→ **GOAL OF THE EXERCISE**:
Return the run of lines below that opens with the line containing "機能訓練器具のある室内" and closes with the line containing "Simon Fuller Sichtung", keeping each one exact.

→ **RECORDED DATA**:

BEGIN

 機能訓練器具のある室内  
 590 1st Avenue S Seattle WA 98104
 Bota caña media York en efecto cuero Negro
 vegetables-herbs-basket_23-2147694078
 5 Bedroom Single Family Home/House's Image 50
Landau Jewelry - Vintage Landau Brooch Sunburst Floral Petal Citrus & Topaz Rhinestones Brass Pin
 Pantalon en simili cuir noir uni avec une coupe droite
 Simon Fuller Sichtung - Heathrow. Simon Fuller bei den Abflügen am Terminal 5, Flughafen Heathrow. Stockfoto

END
BEGIN

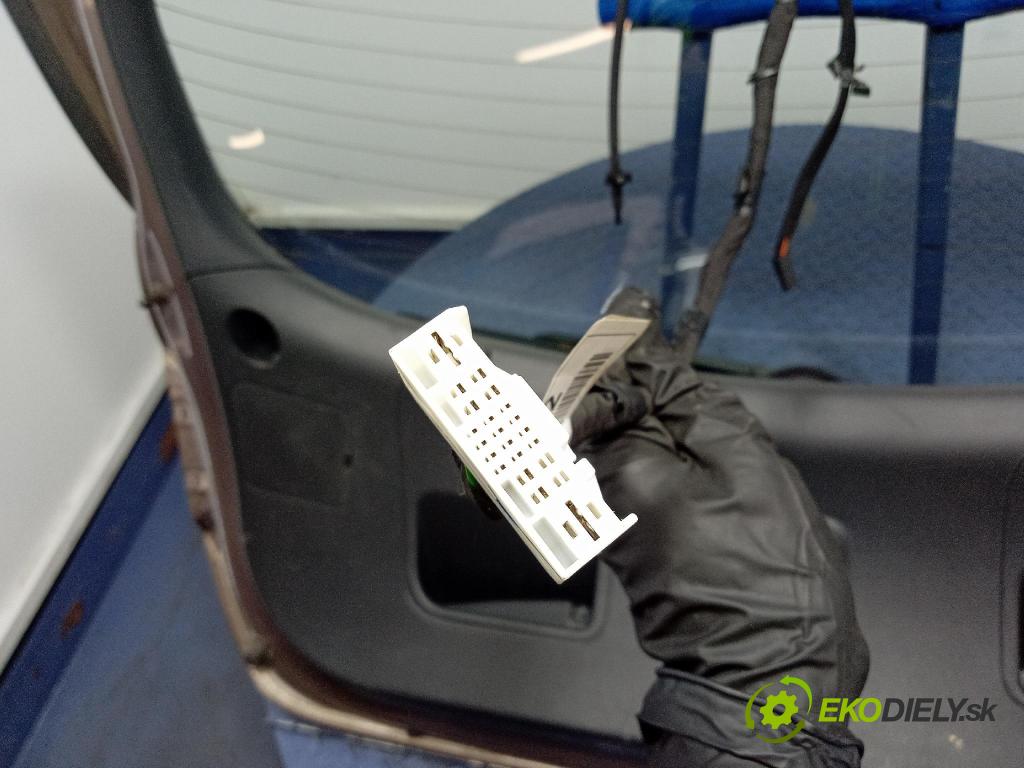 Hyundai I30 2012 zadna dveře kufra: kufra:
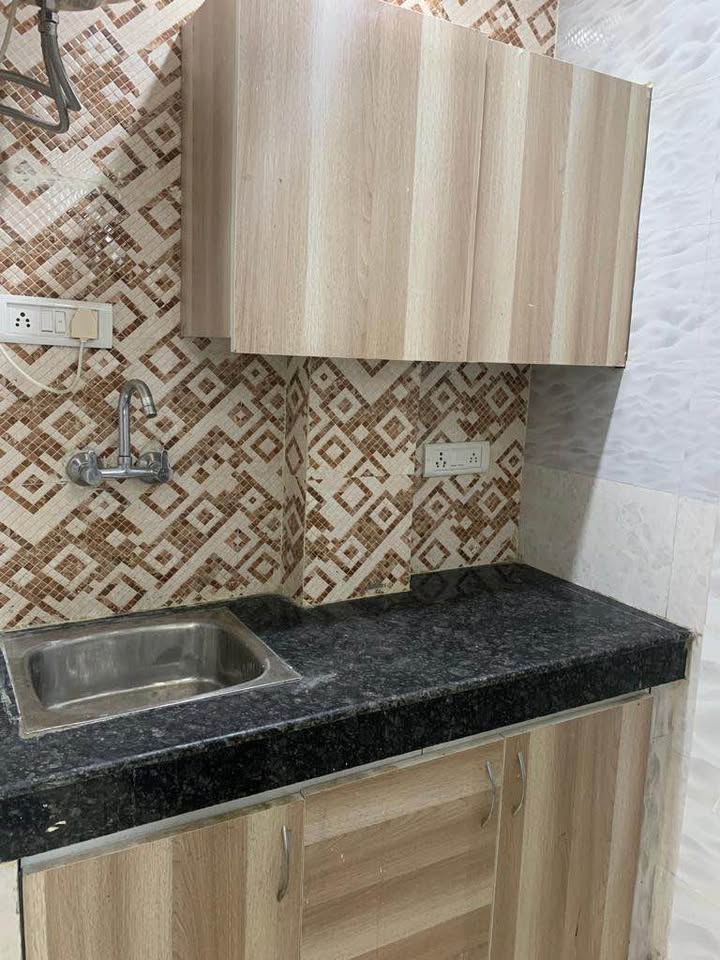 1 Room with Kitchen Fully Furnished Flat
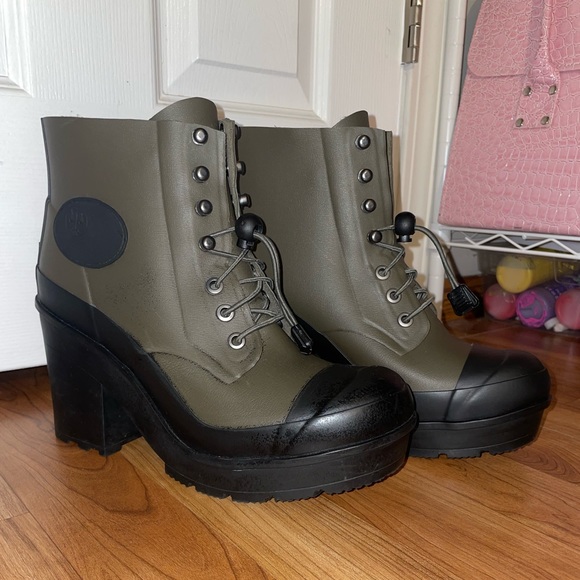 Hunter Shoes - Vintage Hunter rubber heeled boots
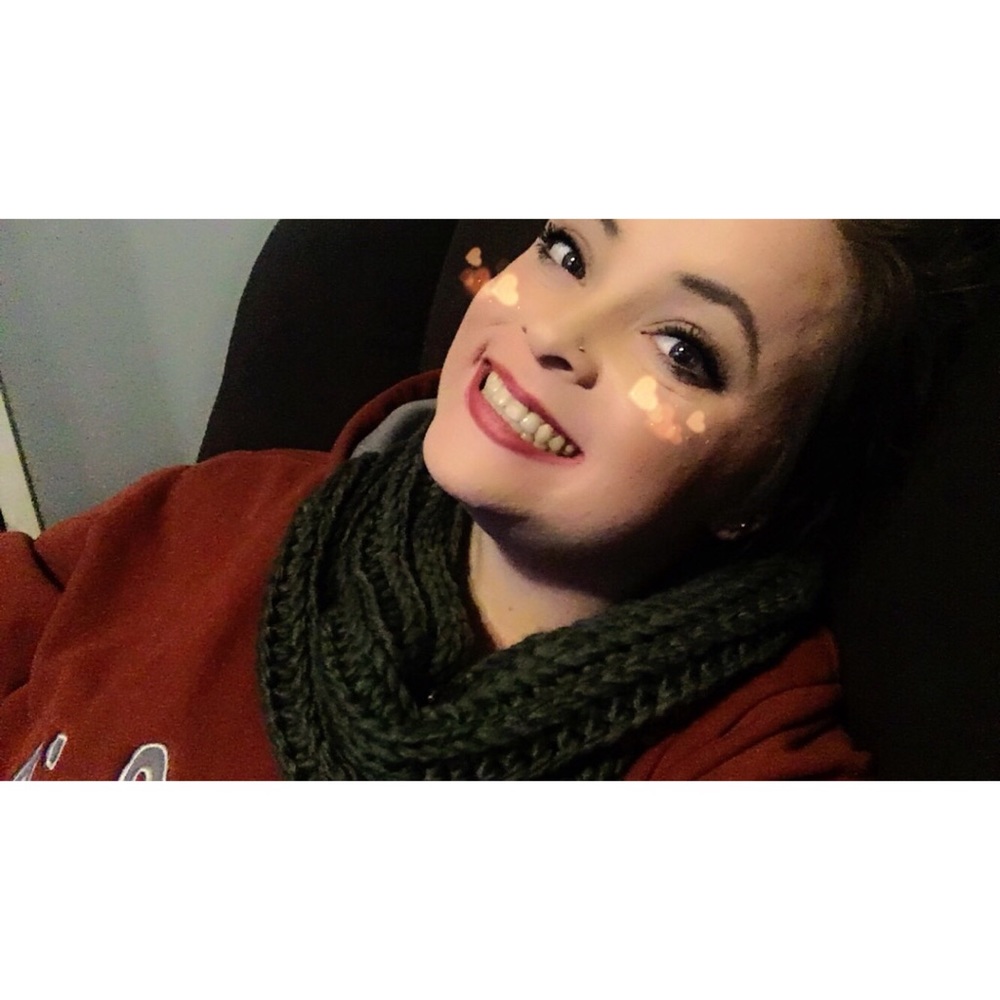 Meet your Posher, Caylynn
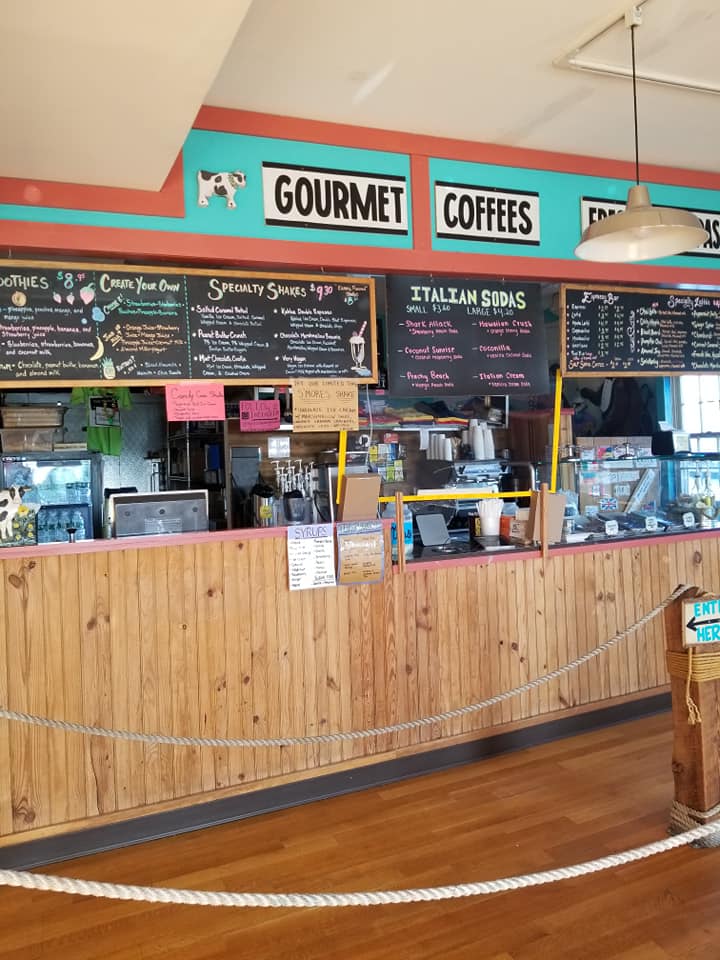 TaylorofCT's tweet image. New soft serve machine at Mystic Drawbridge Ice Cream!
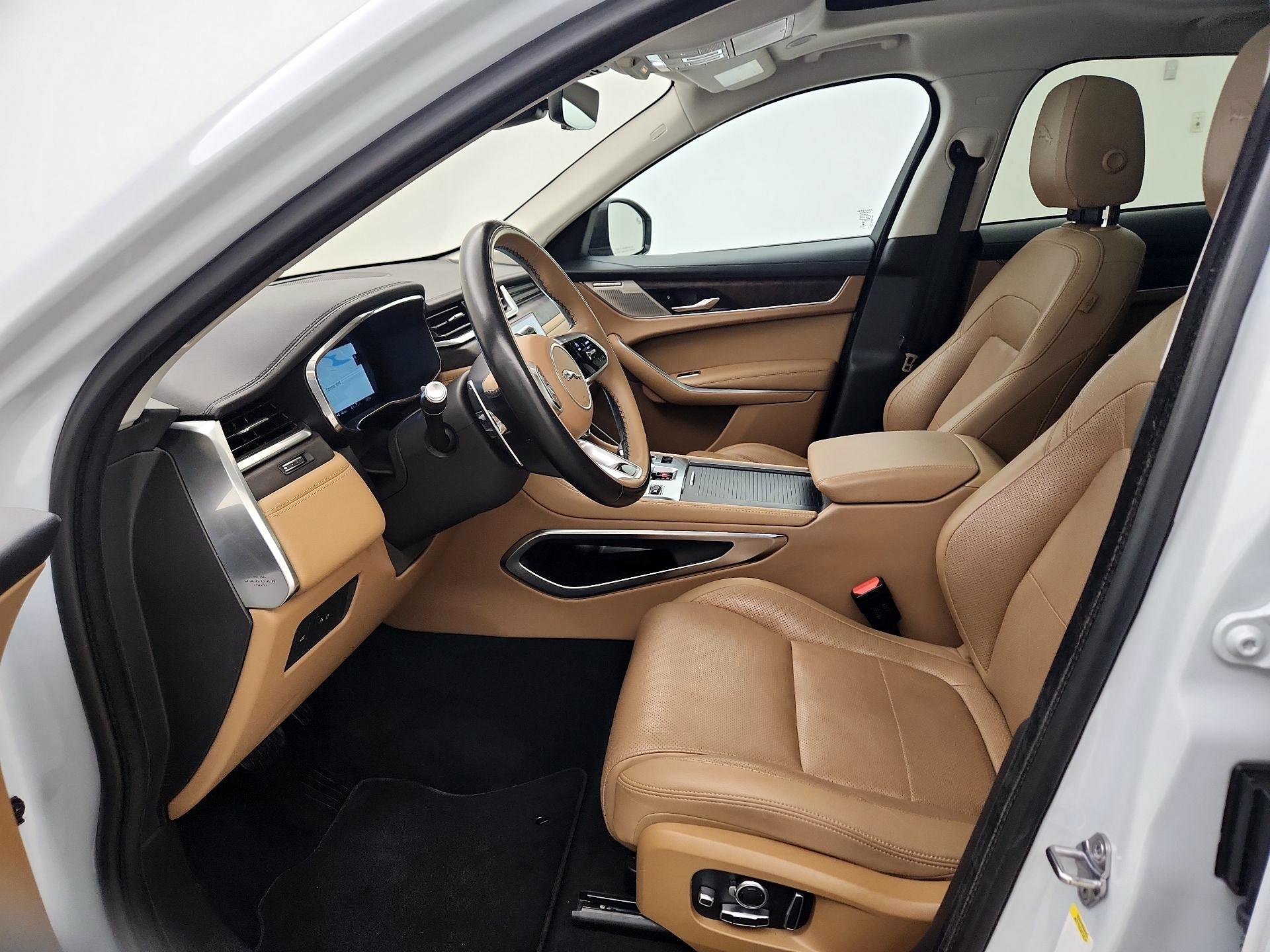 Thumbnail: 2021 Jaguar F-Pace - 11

END
BEGIN

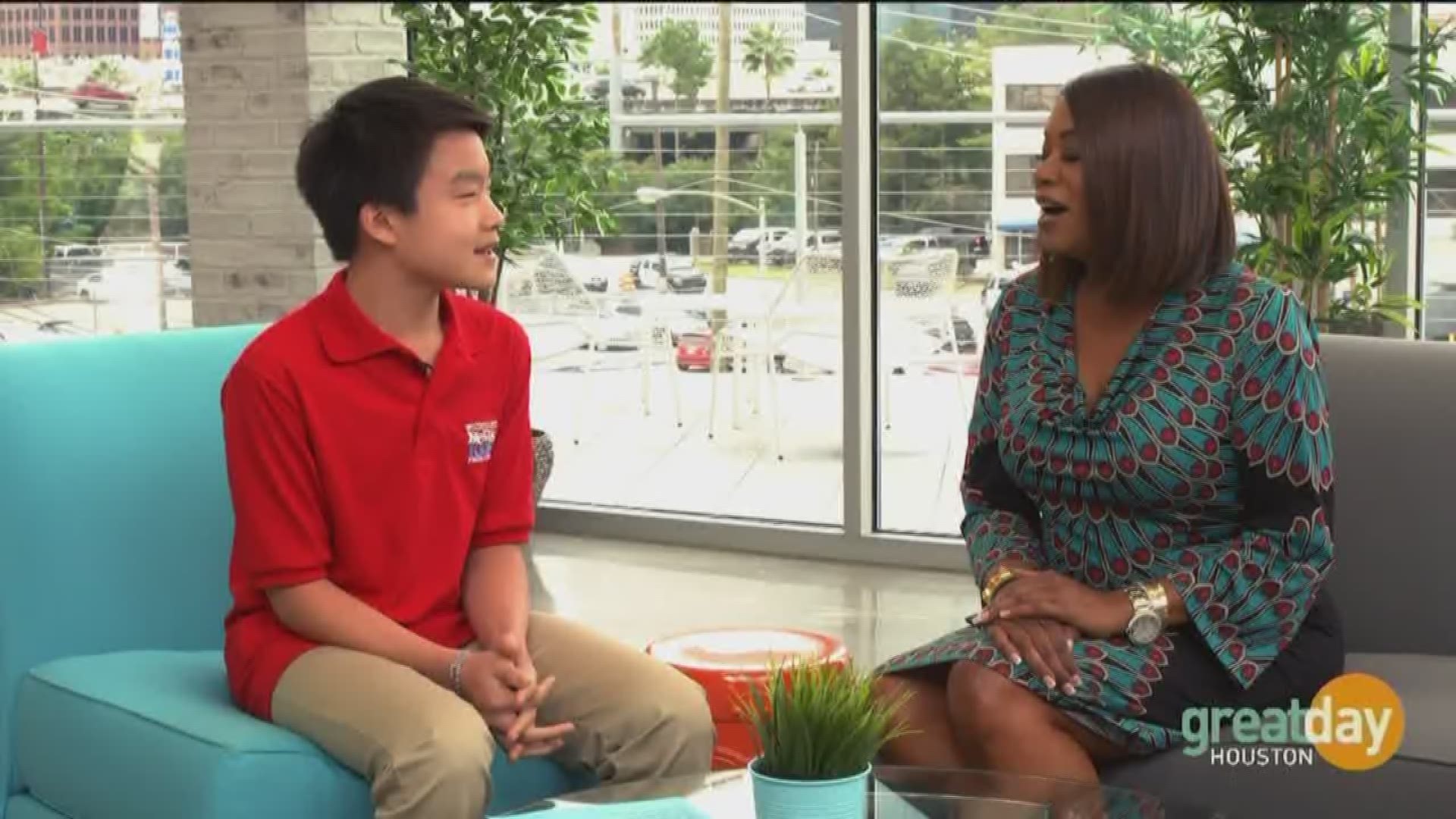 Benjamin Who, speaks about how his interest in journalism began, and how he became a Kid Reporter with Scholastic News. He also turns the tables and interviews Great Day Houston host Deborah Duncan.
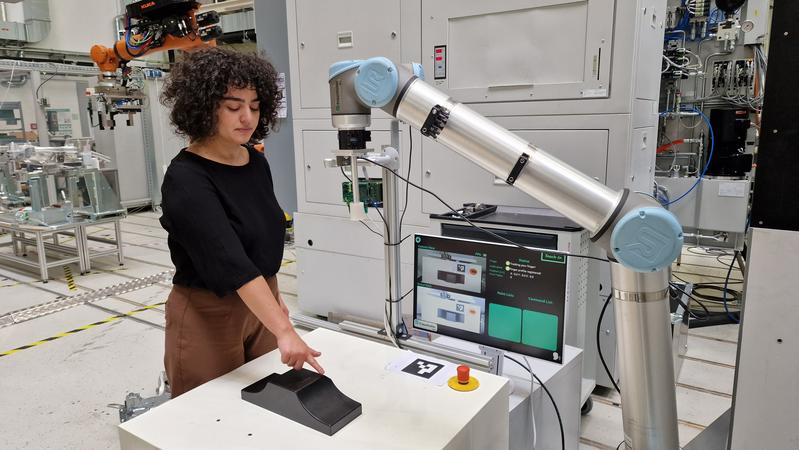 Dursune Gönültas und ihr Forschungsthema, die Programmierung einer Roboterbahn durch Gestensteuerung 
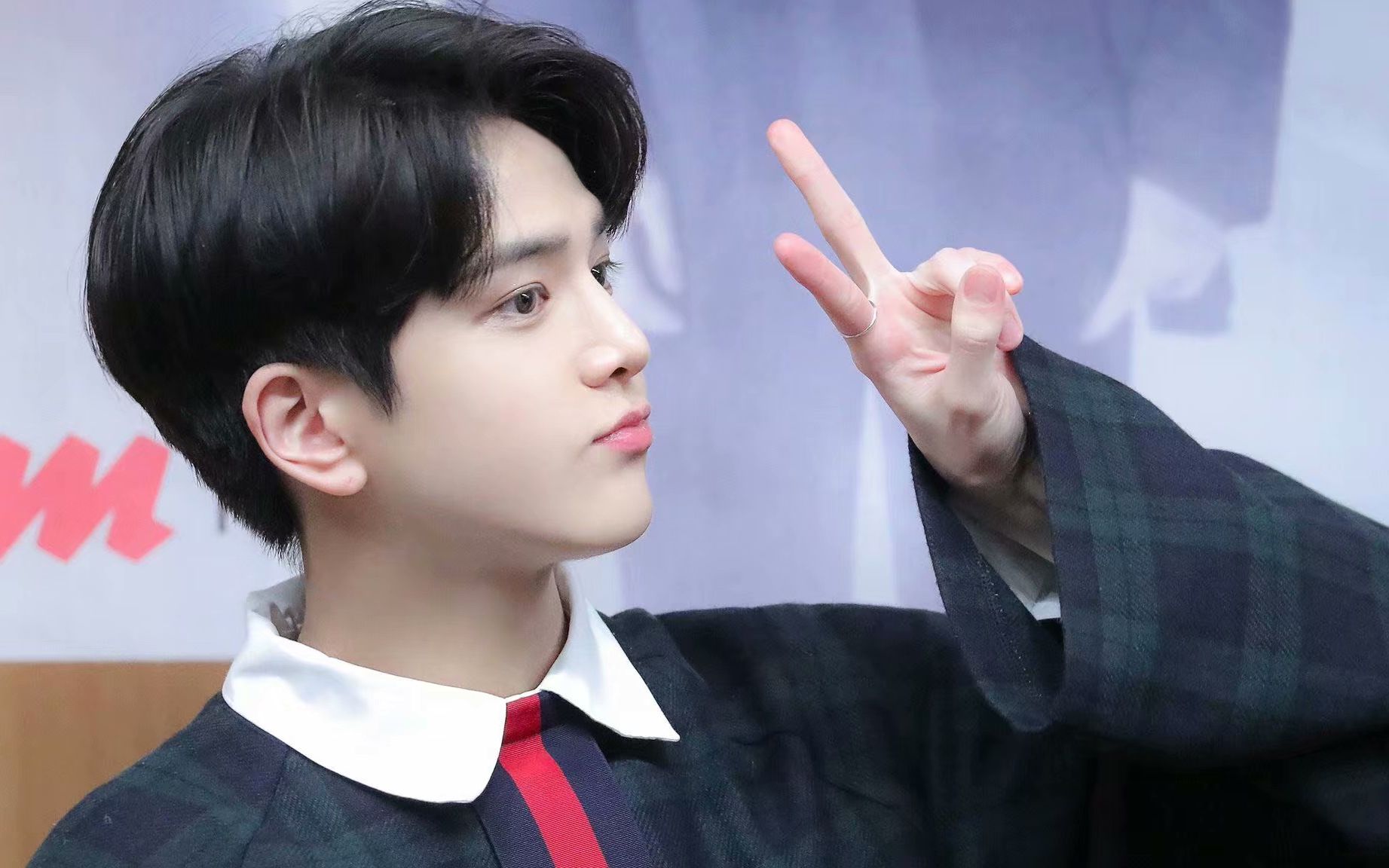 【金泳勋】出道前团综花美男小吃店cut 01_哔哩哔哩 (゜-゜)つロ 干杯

END

→ **RESPONSE TO THE TASK**:
 機能訓練器具のある室内  
 590 1st Avenue S Seattle WA 98104
 Bota caña media York en efecto cuero Negro
 vegetables-herbs-basket_23-2147694078
 5 Bedroom Single Family Home/House's Image 50
Landau Jewelry - Vintage Landau Brooch Sunburst Floral Petal Citrus & Topaz Rhinestones Brass Pin
 Pantalon en simili cuir noir uni avec une coupe droite
 Simon Fuller Sichtung - Heathrow. Simon Fuller bei den Abflügen am Terminal 5, Flughafen Heathrow. Stockfoto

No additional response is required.